Strip Teasers: A Pair of Comics about Comics

Today we cover a pair of reprint books about a very special category of comic strips.


Sam’s Strip – The Comic About Comics (Fantagraphics Books, $22.99)
When you think of avant garde cartoonists, chances are that the name Mort Walker never enters your mind. Mort’s best-known strips succeed by sticking to the basics — they are simple, well-drawn and funny. But there is more lurking in Mort’s head than an endless string of beatings for Beetle Bailey. He co-created, with Jerry Dumas, one of the most delightful and intellectually daring strips that ever appeared in newspapers, Sam’s Strip. For those unfamiliar with it, the strip concerns a fellow named Sam and his unnamed sidekick (much later known as Silo). These guys have a very unusual job — they run a comic strip. Sam’s Strip positively wallows in self-referentiality. Sam wracks his brain thinking up gags, he has arguments with the cartoonist who draws him, he has a closet full of sound effects to keep organized, he hires old comics characters down on their luck. This feature is the ultimate fan-boy fantasy — a strip whose subject is the very thing we love best.

There have been “best of” reprintings of Sam’s Strip before, but this volume reprints the entire run from first to last. What can I say except that it’s about damn time. And Fantagraphics has done it up in a perfect package. The reproduction quality is top-notch, and they’ve given us a superb bonus — a section of annotations by Jerry Dumas and Brian Walker. Dumas supplies us with some interesting reminiscences about the creation of particular strips, while Brian Walker gives historical context for the many strips with topical references. I am a BIG fan of annotations, so my delight with the book was doubled. Unbounded enthusiasm times two.

You see a lot of book reviews that say “your library should not be without it”. Often that’s utter malarkey. But I say in all sincerity that if you are a comic strip fan and you don’t have this book on your shelf then there is something really wrong with you. Seriously. Go buy the book. Now. No really. Go!


Ink Pen (Andrews McMeel, $12.99)
Based on description alone, Ink Pen sounds like a direct successor to Sam’s Strip. In Phil Dunlap’s strip an anthropomorphic dog and rat run an employment agency for out of work cartoon characters. However, these characters, unlike those in Sam’s Strip, don’t know that they’re in a comic strip. The story is played out without the self-referential wall breaking that made Sam’s Strip so unique. Ink Pen also eschews the use of comics characters from outside its own world. Rather than having well-known characters coming to the agency looking for work, this strip is populated with clients who are all the products of creator Chris Dunlap’s own imagination. While there are occasional mentions of ‘real’ cartoon characters, Dunlap plays his plot straight with a cast of regulars headlined by a rabbit, a pig, and a reluctant superhero named Captain Victorious.

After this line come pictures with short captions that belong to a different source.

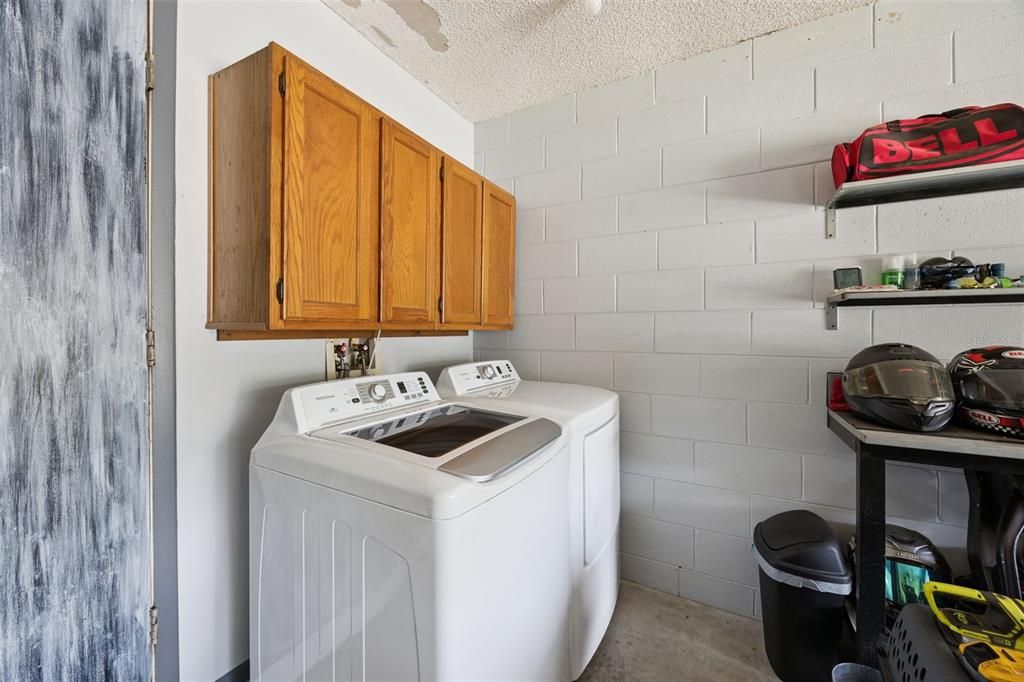 For Sale: $375,000 (4 beds, 2 baths, 1595 Square Feet)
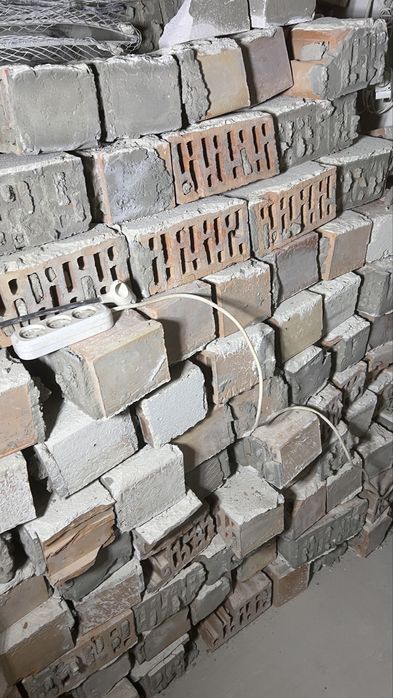 Віддам цеглу блоки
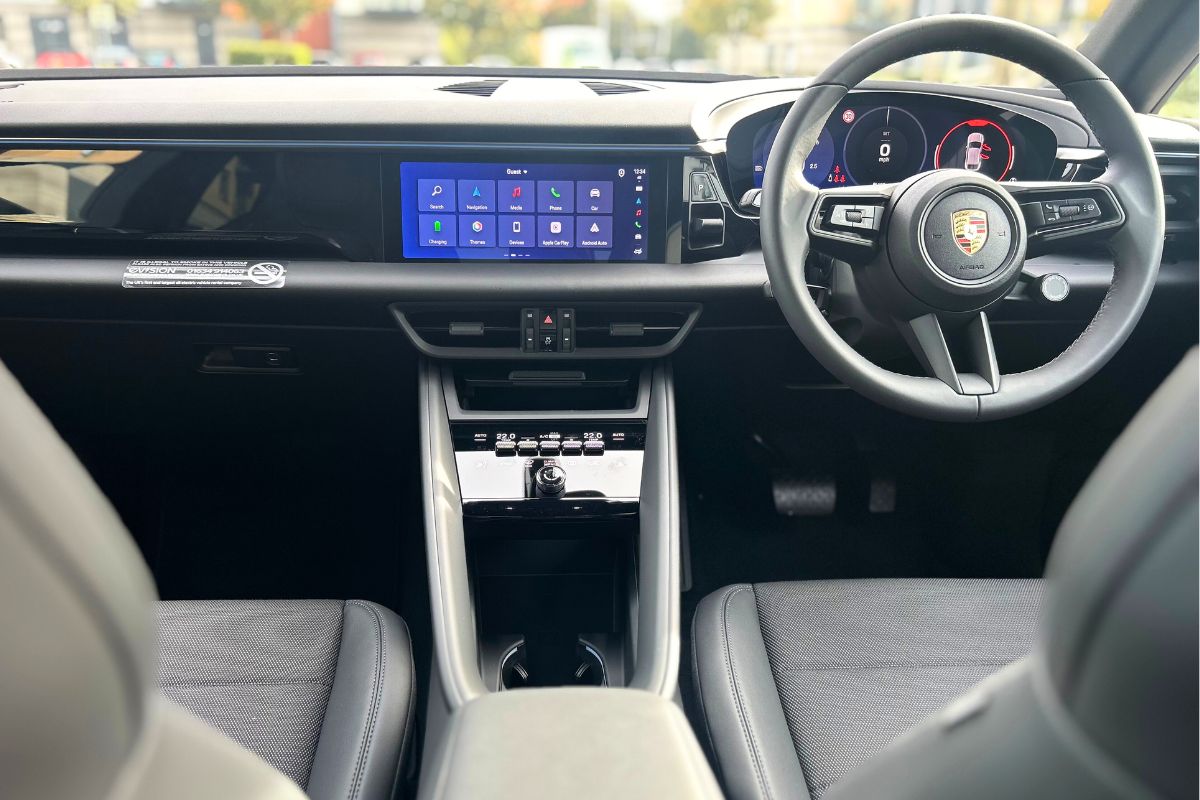 Porsche Macan 4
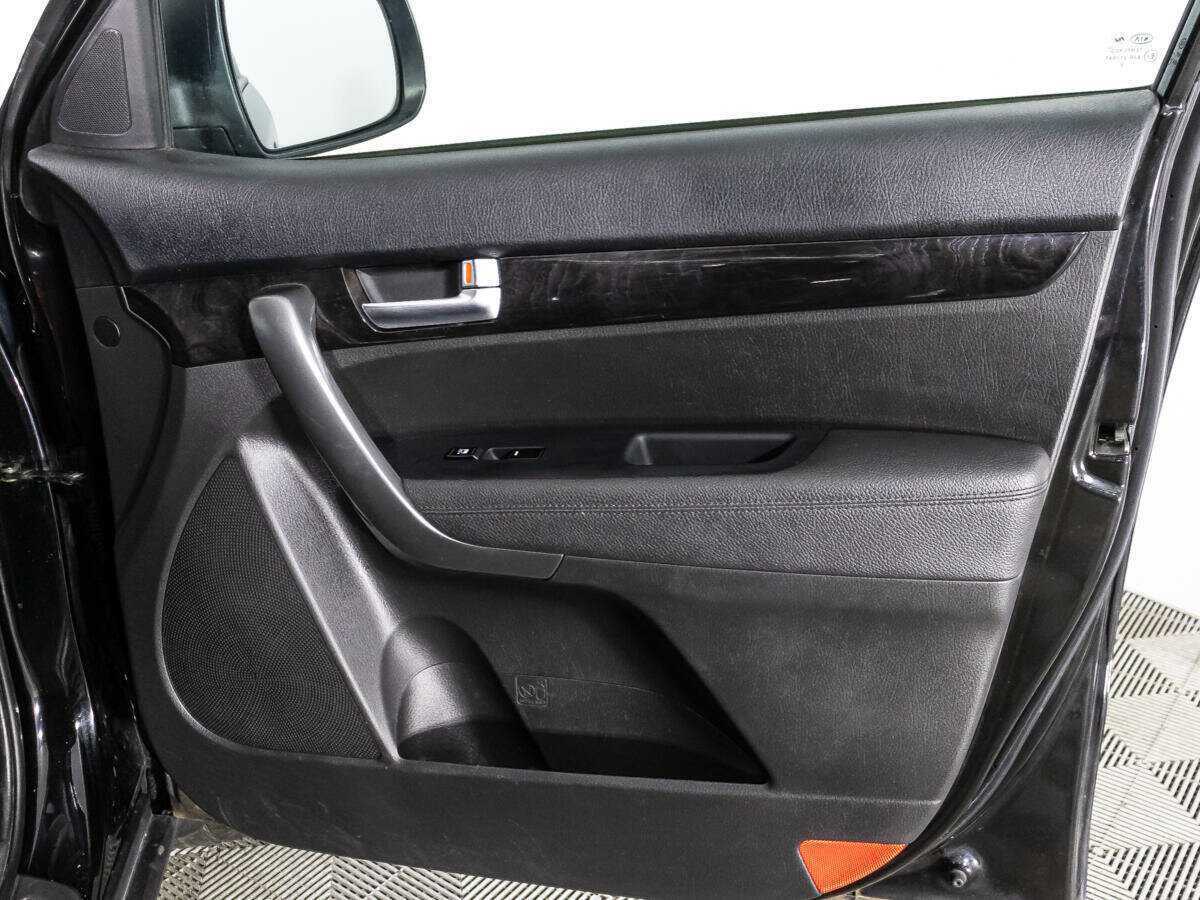 Купить Kia Sorento с пробегом. Фото: #24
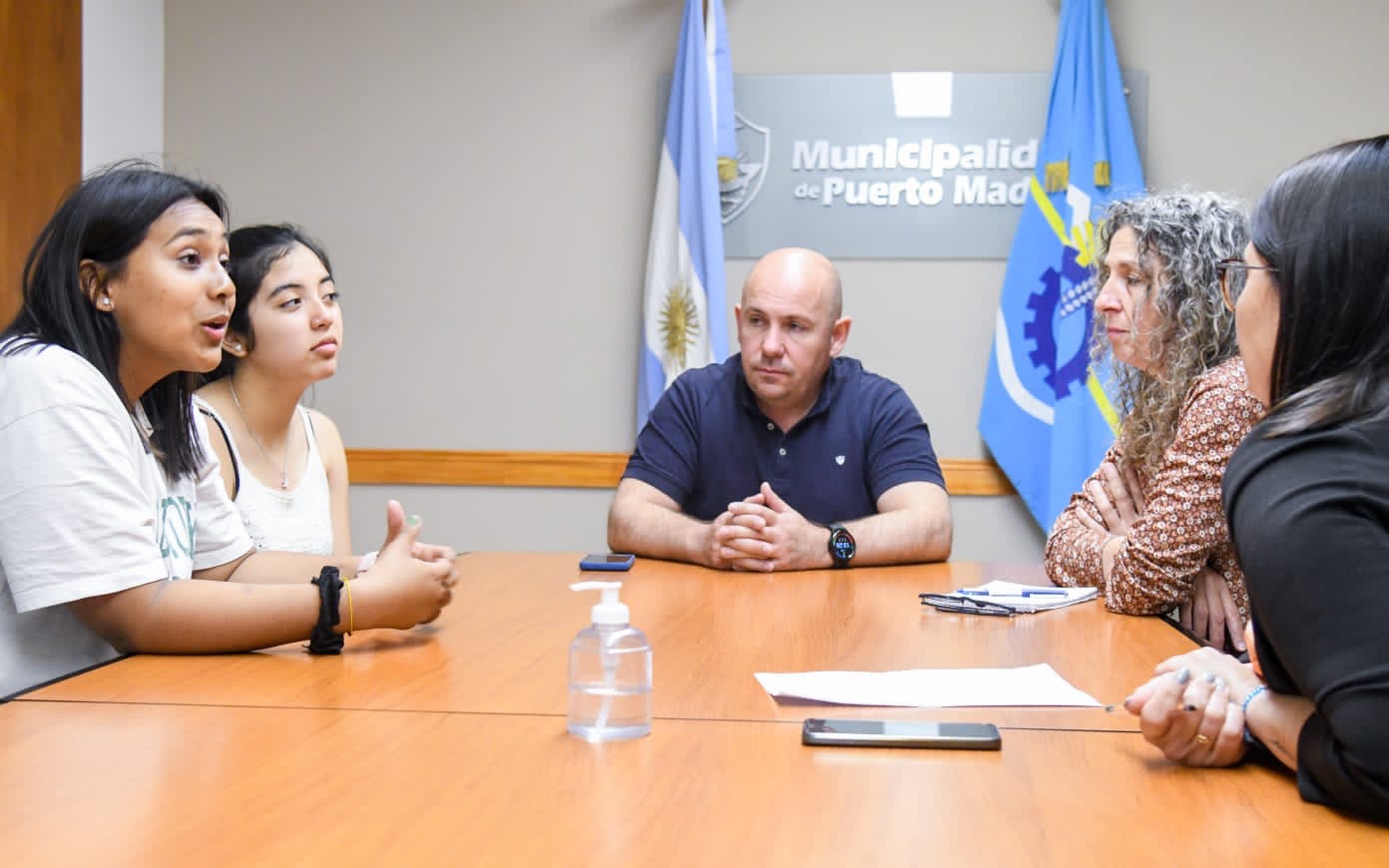 EL INTENDENTE RECIBIÓ A UN GRUPO DE ESTUDIANTES QUE REALIZARÁ UNA CAMPAÑA DE DONACIÓN DE SANGRE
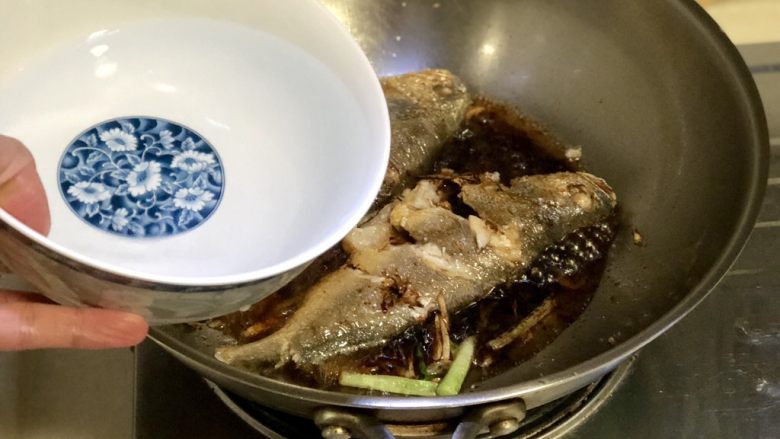 琐碎金鳞软玉膏➕家常红烧黄鱼,淋上大半碗清水,基本没过鱼身一多半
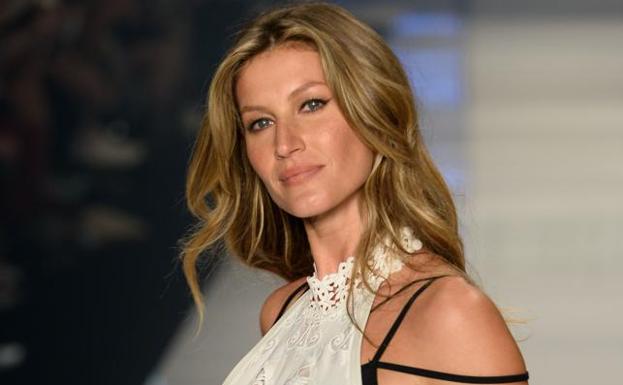 Gisele Bündchen con mechas balayage en rubio.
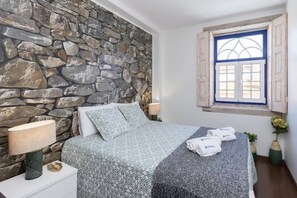 2 habitaciones, tabla de planchar con plancha, cuna de viaje y wifi 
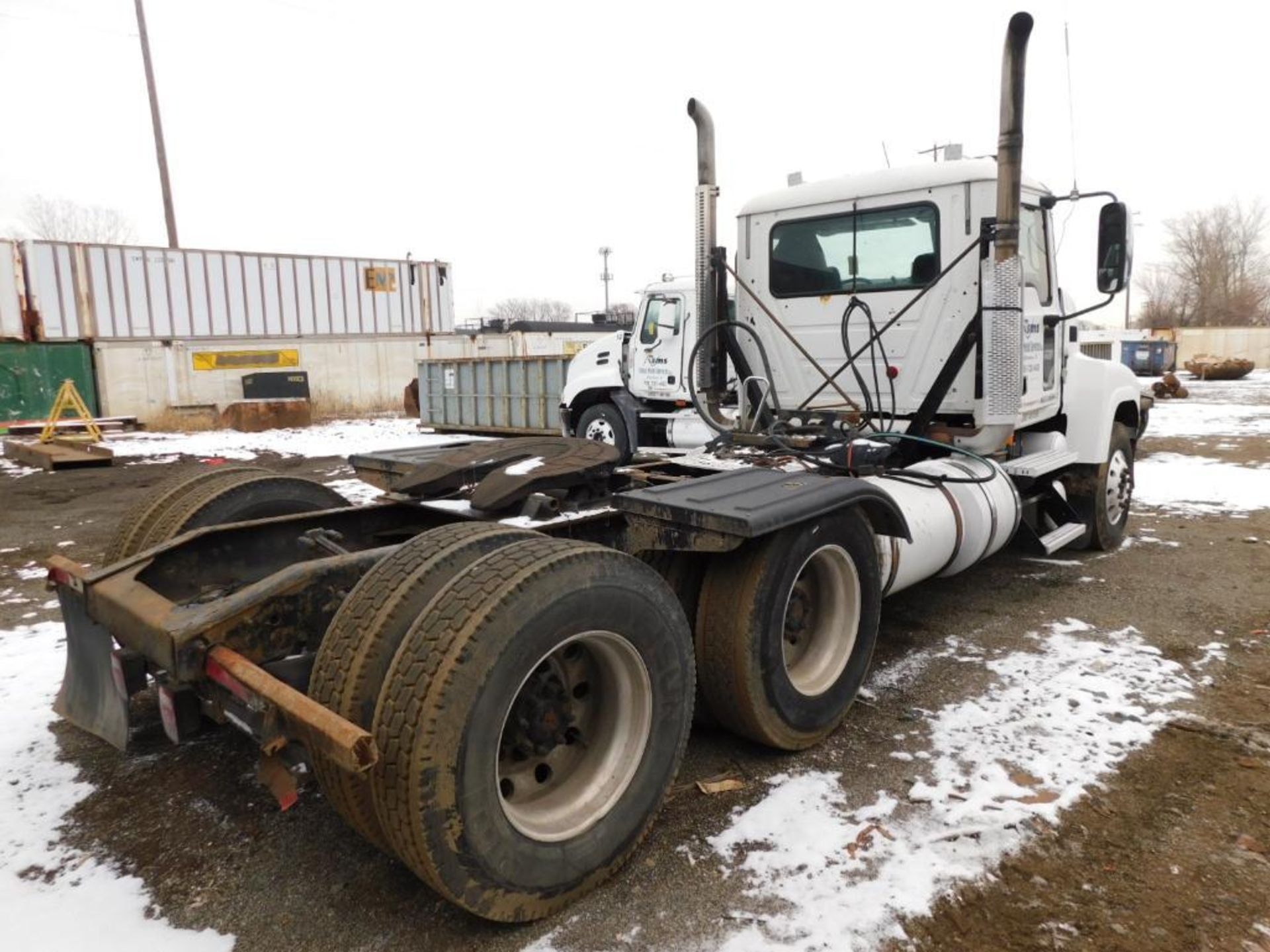 2009 Mack Tandem-Axle Day Cab Truck Tractor Model CHU613, VIN 1M1AN07Y19N004589, 12.7 Liter Diesel - Image 4 of 6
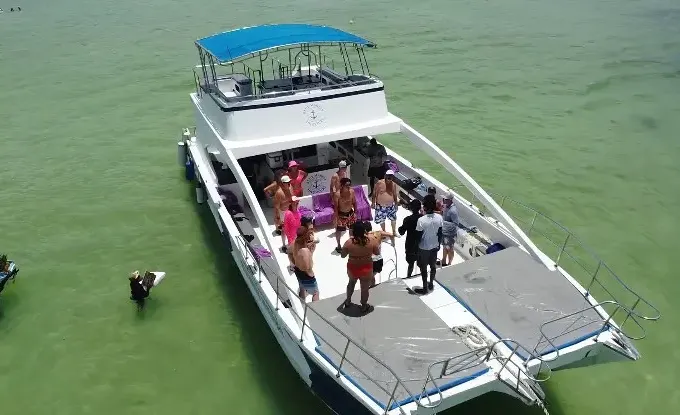 Amazing Party power Boat in Punta Cana!!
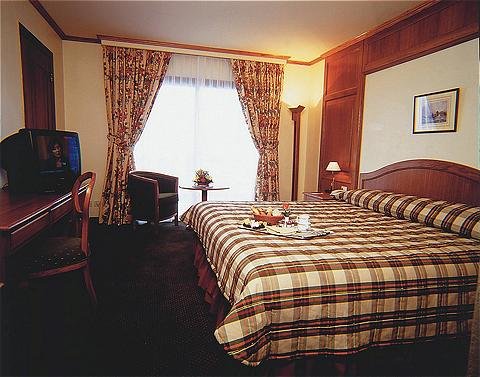 INTERCONTINENTAL MZAAR LEBANON BY I-guestroom-Bedroom.jpg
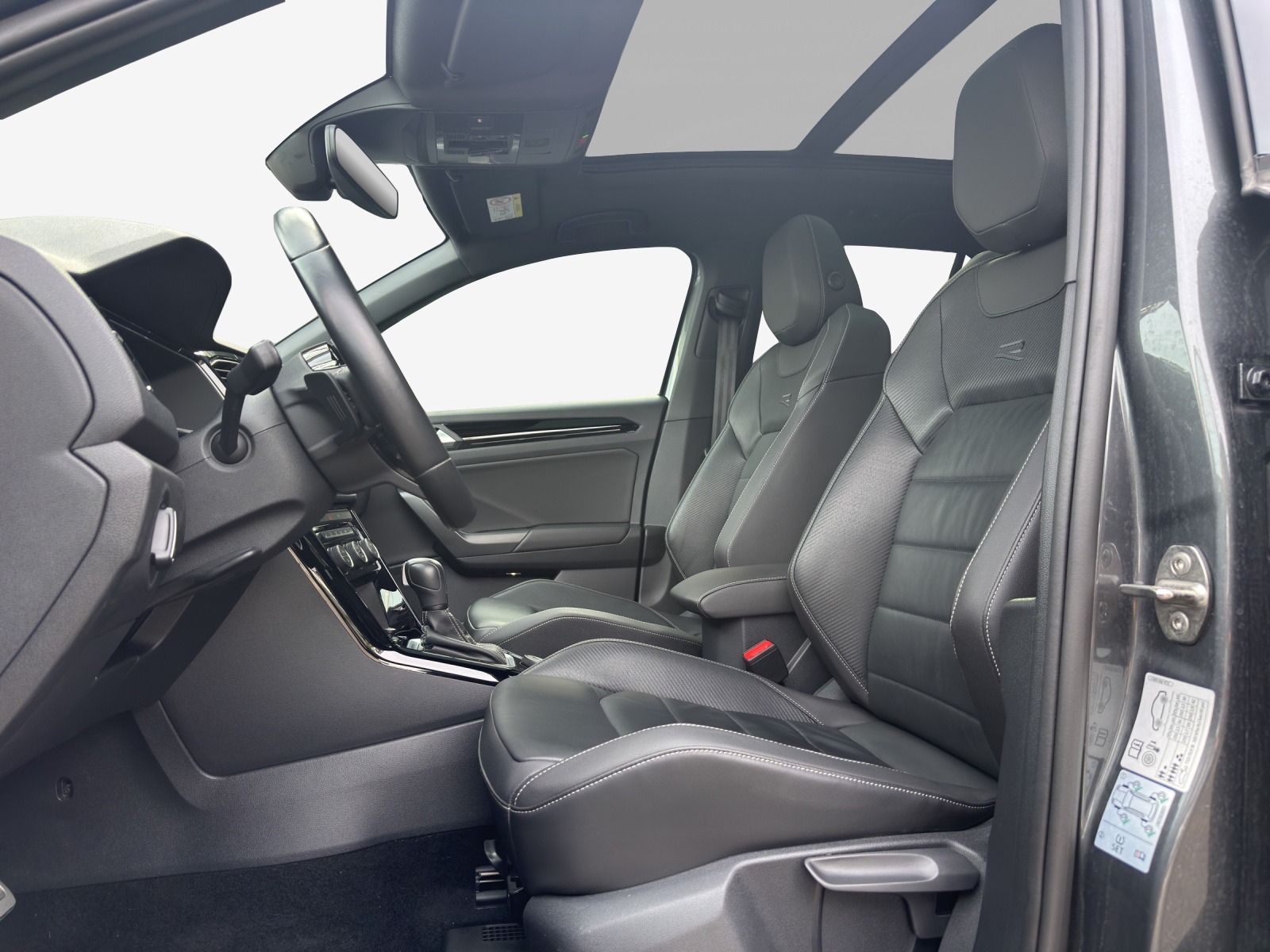 VW T-Roc 2.0 TSI R DSG 4Motion-image-7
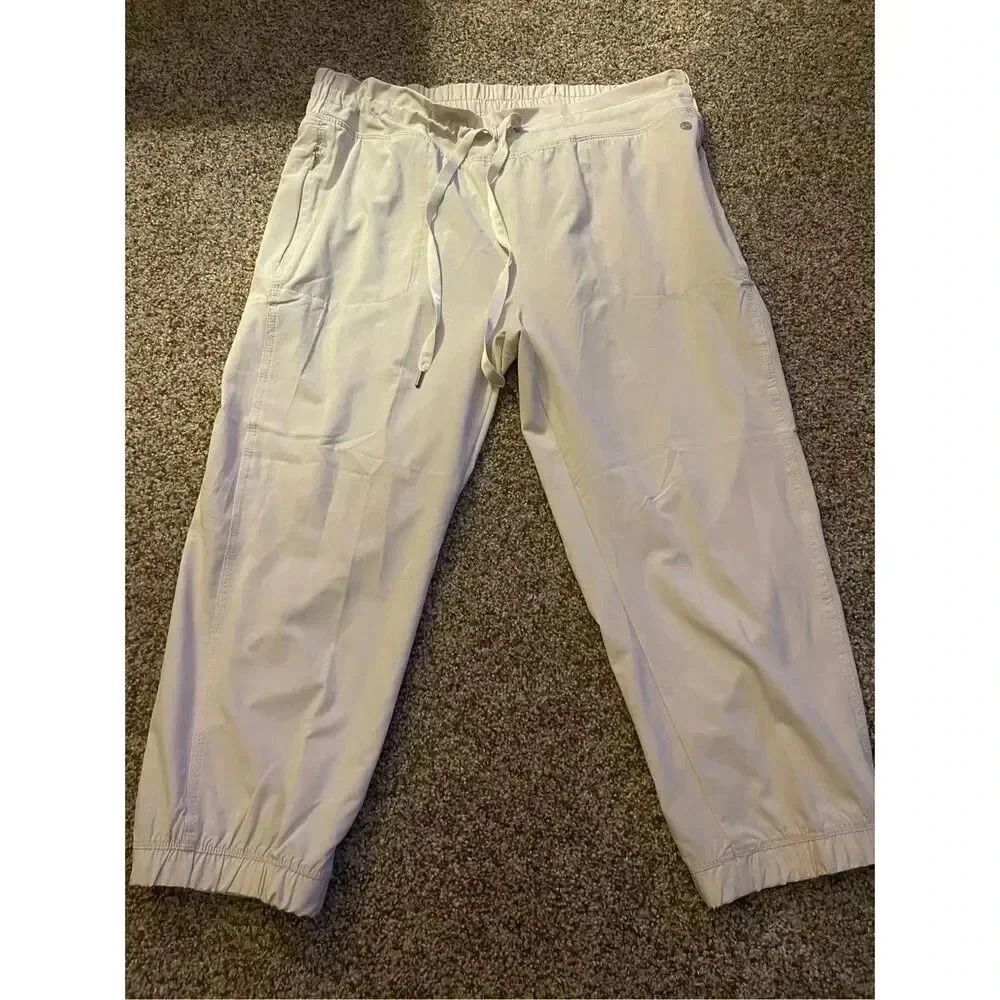 Unipro Women's Mid-Rise Elastic Waist Crop Pants White Size M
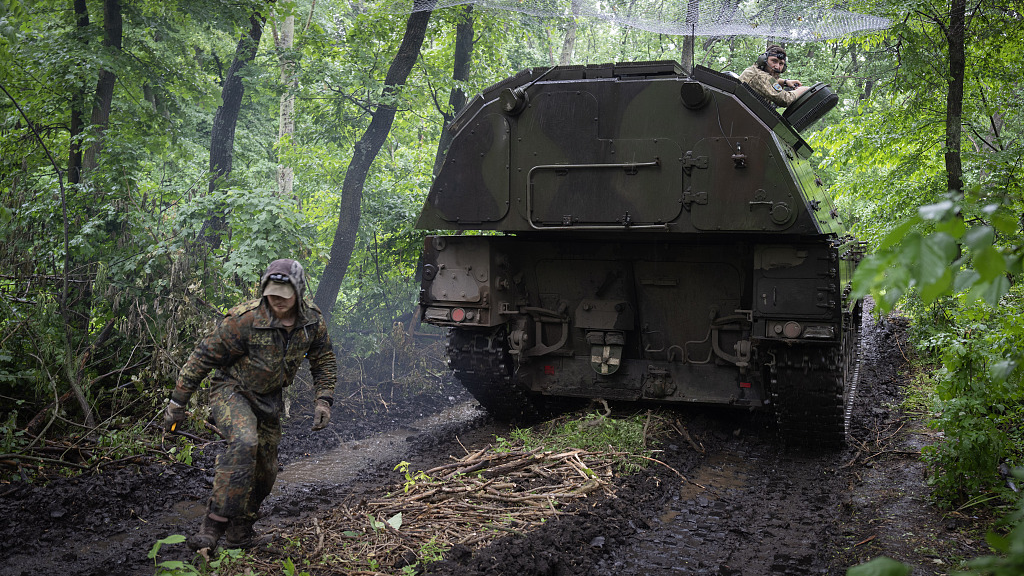 A German self-propelled Panzerhaubitze 2000 artillery vehicle being driven to its position at the frontline by Ukrainian soldiers near Bakhmut, Donetsk, May 27, 2023. /CFP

Since I rarely read comic strips online and my local paper doesn’t carry Ink Pen, my imaginings about it being a successor to Sam’s Strip were quickly disabused when I received this, the first reprint collection of the strip. Although I was disappointed that the strip fails to break the so-called ‘fourth wall’ as I expected from the description of the feature, that’s a completely unfair standard by which to judge the strip. And judging it on its own merits, Ink Pen is good with potential for greatness. Dunlap has assembled an excellent cast of strong personalities, especially the lunkheaded Captain Victorious and embittered former child star Bixby the rat. The artwork is excellent, often enhancing the humor with deftly drawn facial expressions and body language. Where Ink Pen could use some improvement is that Dunlap doesn’t trust the intelligence of his audience. His strips tend to be wordy, as if he’s trying to explain his punchlines rather than just delivering them. Often the final panel has two characters delivering competing funny lines, a practice that dilutes the humor rather than enhancing it. Dunlap obviously doesn’t trust his comedy instincts, which are spot on when he doesn’t overthink things. If the strip is given enough time to mature I expect the creator will eventually get more comfortable in his own shoes. If Universal Press gives him that much time (and history tells us that UPS has a relatively short attention span compared to some other syndicates) I expect Ink Pen will blossom into a delightful and popular long-term success.

Dunlap would do well to study the Sam’s Strip collection. Not only will he learn how to deliver a gag economically, but there are some great ideas for his strip lurking there.